A collegium of heavyweight and multiple award winning writers such as Nayantara Sahgal, Keki Daruwalla, K. Satchidanandan, Ritu Menon, Jerry Pinto and Meena Alexander, among several others, had written to the Akademi under the banner of Indian Writers' Forum, urging it to condemn such instances.
The writers' forum pointed out that the Akademi had failed to take a "bold, public stand" in 2015.
"We hope this would not happen in your dispensation and that this big literary institution will take a brave stand now," the letter read.
Reacting to Akademi's statement, writer and poet Keki Daruwalla, who had returned his Sahitya Akademi award in 2015 and was among the writers who urged the Akademi to condemn threats on Wednesday, said that it was "excellent news".
"I am happy that the same scenario (like 2015) has not been repeated. We have done our part and I complement the Akademi for having spoken out, and particularly Mr Kambar, for taking immediate cognisance of the matter, instead of sitting silent like the Akademi did in 2015," Daruwalla told IANS.
In the meanwhile, the Supreme Court on Thursday said that the culture of banning books impacts the free flow of ideas and should not be taken recourse to unless they are hit by Section 292 of the IPC that prohibits obscenity.
A bench of Chief Justice Dipak Misra, Justice A.M. Khanwilkar and Justice D.Y. Chandrachud reserved its order on a plea seeking to omit certain excerpts from "Meesha" by Hareesh.
"You are giving undue importance to this kind of stuff. In the age of Internet, you are making this an issue. It is best forgotten," said Justice Chandrachud.
But even as top writers express their solidarity, the vitriol against Malayalam novelist S. Hareesh and his publisher DC Books have continued as they received numerous threats and messages of intimidation from some right wing outfits. The Kerala state government has assured the publisher of their support.
An officer of the Cantonment Police station in Thiruvananthapuram said a case has been registered on Thursday against four acitivists of the Bharatiya Janata Yuva Morcha (the youth wing of the Bharatiya Janata Party) who took part in a protest before the DC Books office on Wednesday.
"The case has been registered against four people who have been identified. They burned the book, that has now become controversial. However, today also there was a protest, but no case has been registered," said the police officer who did not wish to be identified.

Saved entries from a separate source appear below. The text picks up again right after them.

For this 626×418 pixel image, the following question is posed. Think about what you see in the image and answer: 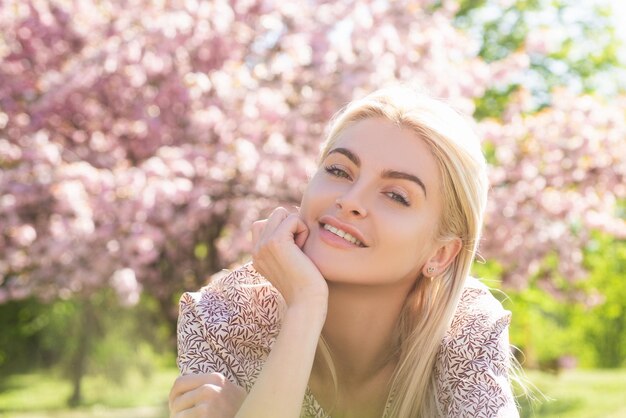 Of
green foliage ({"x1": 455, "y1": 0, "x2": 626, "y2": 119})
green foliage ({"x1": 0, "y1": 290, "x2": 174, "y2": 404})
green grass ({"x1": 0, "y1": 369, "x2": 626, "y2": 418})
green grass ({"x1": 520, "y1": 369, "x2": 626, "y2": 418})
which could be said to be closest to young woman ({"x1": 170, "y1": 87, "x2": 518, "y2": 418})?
green grass ({"x1": 520, "y1": 369, "x2": 626, "y2": 418})

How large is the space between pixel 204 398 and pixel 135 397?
8.64 meters

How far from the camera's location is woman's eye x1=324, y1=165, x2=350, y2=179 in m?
2.41

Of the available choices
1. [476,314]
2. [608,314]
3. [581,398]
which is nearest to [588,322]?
[608,314]

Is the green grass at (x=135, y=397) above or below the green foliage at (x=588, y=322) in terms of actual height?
above

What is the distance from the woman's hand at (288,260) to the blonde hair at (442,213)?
0.28 m

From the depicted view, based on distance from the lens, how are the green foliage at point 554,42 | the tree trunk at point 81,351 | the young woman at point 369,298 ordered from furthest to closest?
the green foliage at point 554,42 < the tree trunk at point 81,351 < the young woman at point 369,298

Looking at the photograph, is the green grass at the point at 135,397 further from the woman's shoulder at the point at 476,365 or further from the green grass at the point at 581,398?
the woman's shoulder at the point at 476,365

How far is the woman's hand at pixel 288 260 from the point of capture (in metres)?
2.26

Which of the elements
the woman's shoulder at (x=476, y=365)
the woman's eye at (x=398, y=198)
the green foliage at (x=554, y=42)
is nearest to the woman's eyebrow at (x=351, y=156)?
the woman's eye at (x=398, y=198)

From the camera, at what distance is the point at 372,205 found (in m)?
2.32

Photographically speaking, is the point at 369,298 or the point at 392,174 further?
the point at 369,298

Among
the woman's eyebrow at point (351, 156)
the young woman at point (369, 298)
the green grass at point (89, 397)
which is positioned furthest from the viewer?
the green grass at point (89, 397)

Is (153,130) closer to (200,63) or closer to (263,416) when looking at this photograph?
(200,63)

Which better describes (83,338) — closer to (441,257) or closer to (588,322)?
(441,257) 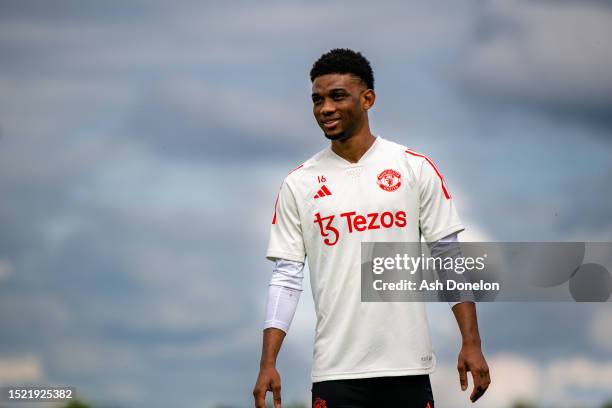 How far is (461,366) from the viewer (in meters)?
8.30

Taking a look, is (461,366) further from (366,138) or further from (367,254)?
(366,138)

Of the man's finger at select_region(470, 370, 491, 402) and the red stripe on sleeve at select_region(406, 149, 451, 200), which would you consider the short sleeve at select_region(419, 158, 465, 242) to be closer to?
the red stripe on sleeve at select_region(406, 149, 451, 200)

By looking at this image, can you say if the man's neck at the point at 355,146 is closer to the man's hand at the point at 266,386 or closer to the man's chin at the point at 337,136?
the man's chin at the point at 337,136

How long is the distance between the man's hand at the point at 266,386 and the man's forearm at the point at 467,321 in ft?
5.69

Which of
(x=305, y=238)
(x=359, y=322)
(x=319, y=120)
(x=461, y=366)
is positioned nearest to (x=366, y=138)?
(x=319, y=120)

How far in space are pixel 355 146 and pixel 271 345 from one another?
2059 mm

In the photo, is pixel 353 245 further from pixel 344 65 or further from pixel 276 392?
pixel 344 65

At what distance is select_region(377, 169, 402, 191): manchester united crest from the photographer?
8.80m

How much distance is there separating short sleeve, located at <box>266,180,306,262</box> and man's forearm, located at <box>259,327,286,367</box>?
0.72 m

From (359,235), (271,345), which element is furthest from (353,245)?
(271,345)

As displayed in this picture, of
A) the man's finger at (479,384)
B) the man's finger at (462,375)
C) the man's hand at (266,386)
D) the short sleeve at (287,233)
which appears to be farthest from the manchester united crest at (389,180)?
the man's hand at (266,386)

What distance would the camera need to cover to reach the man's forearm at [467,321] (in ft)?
27.6

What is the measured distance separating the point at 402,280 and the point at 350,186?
102 cm

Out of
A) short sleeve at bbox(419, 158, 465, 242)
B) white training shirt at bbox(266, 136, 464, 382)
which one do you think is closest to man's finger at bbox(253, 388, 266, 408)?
white training shirt at bbox(266, 136, 464, 382) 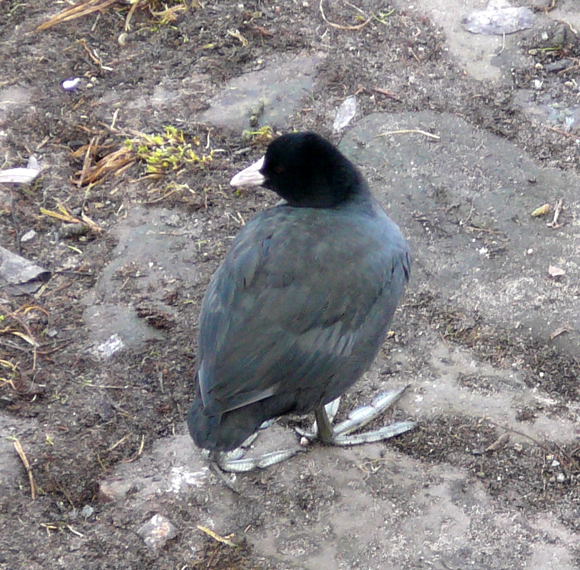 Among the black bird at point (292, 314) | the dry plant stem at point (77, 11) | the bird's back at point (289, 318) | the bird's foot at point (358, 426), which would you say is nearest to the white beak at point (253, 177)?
the black bird at point (292, 314)

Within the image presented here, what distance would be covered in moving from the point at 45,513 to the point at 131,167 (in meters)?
1.92

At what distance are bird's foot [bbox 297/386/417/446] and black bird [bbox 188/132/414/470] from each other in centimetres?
5

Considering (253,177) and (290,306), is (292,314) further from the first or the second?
(253,177)

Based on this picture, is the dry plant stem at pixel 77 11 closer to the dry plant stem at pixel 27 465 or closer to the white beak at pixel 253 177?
the white beak at pixel 253 177

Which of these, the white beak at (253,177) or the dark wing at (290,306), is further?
the white beak at (253,177)

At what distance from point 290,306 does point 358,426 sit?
2.52ft

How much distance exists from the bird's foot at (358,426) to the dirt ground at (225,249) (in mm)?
43

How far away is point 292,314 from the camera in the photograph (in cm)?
302

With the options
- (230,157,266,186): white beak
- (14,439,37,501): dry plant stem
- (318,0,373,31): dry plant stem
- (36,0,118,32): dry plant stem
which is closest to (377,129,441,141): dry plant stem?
(318,0,373,31): dry plant stem

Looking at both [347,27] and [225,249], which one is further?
[347,27]

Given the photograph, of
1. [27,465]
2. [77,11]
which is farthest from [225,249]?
[77,11]

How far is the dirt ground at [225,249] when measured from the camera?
318cm

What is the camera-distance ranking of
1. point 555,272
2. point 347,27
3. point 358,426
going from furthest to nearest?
point 347,27, point 555,272, point 358,426

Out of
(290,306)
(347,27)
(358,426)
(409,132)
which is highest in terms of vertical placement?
(290,306) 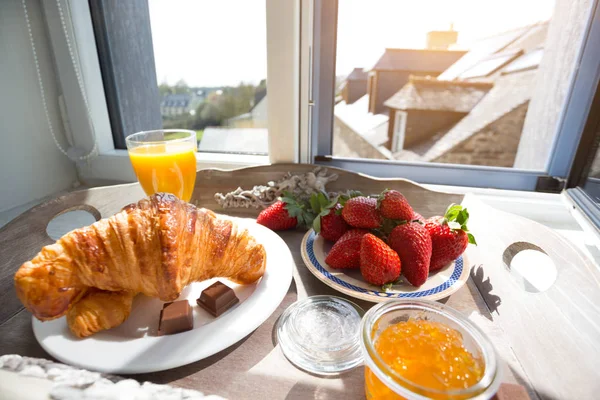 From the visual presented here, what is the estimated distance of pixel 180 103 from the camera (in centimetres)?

Mauzo has been provided police security following threats to his life in view of revelations made by those arrested in the murder case of activist-journalist Gauri Lankesh in Bengaluru.
The award-winning Konkani writer and progressive thinker Mauzo had earlier confirmed to IANS that round-the-clock security was provided to him after he was informed by a central intelligence agency about threat to his life.